Every government as despised as New Labour is today has lagged by a large margin in the polls. The singularity of the current political predicament is that it is the main opposition party, not the government, that lags. This is because the real threat to Tony Blair is not the Tory party; it is the Labour party. Labour has never liked Tony Blair, but for years it granted him respect. This summer it lost that respect. For years it tolerated him for naked political advantage. This summer, in a development of great danger for Tony Blair, he has for the first time started to record lower ratings than his own party. Gordon Brown lurks. He has been largely silent during the summer, save for a statesmanlike intervention on Third World debt.

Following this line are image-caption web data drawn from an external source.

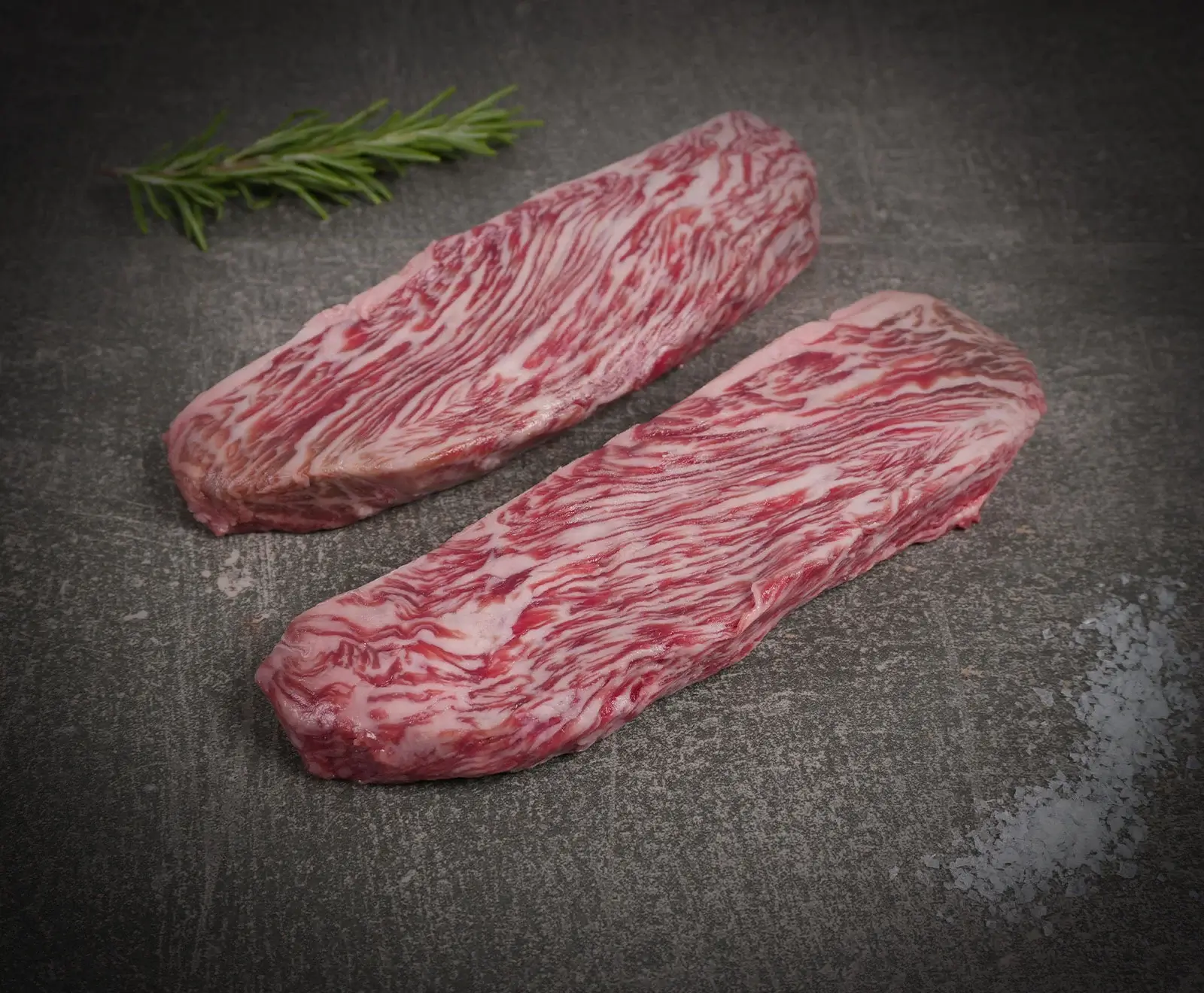 Zwei rohe, stark marmorierte Rindersteaks liegen auf einer dunklen Oberfläche. Links oben ein Rosmarinzweig, rechts unten grobes Meersalz. Das Fleisch zeigt eine intensive Fettzeichnung.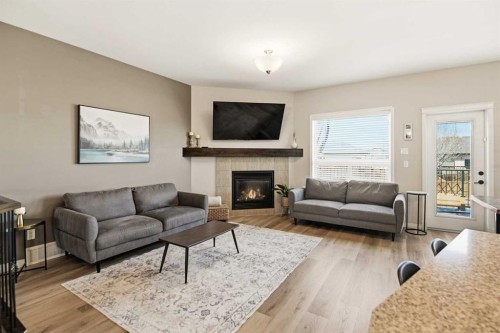 12 Cyprus Road, Blackfalds, AB - Indoor Photo Showing Living Room With Fireplace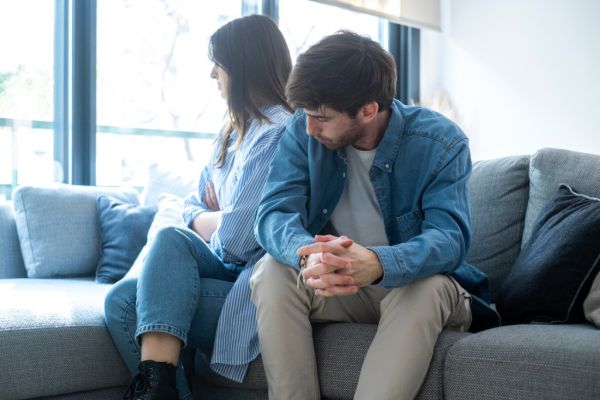 A couple sits on a couch, turned away from each other, appearing upset.
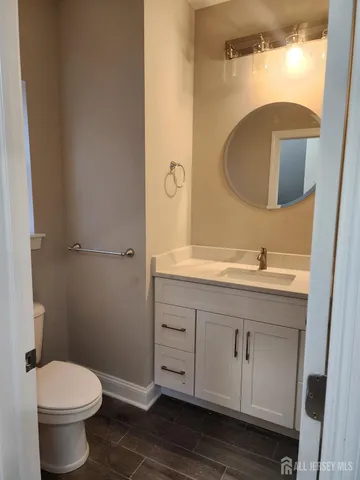 a bathroom with a toilet a sink a vanity and mirror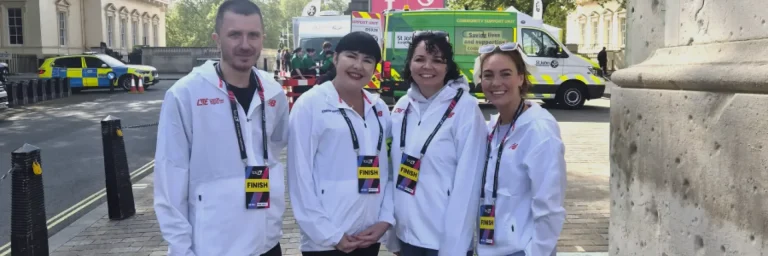 Four volunteers in white jackets with finish lanyards pose on a city street near the finish line, with ambulances and support crews in the background.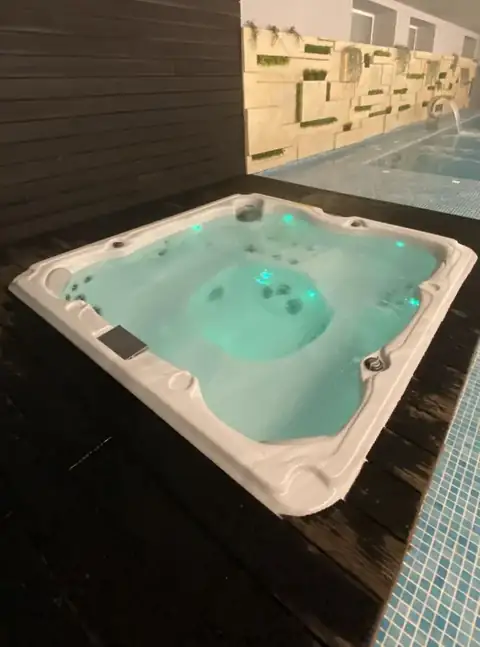 Jacuzzi con luces de colores y borde de madera en el spa del Hotel Spa Meiga do Mar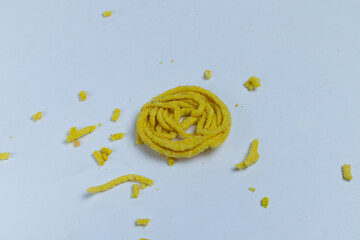 Kerupuk Mie or Noodle Crackers, which are messy on a white background, are a typical Indonesian...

He is uncontaminated by the Hutton inquiry, or the dirty aftermath to the Iraq war. But he has stayed in touch. The man who negotiated the terms of Tuesday night's surrender was Douglas Alexander, minister of state at the Cabinet Office. Alexander is Gordon Brown's organiser and close ally. The really interesting political question this autumn is how many more humiliations like last Tuesday's can Tony Blair endure, and still retain his self-respect. There will be plenty.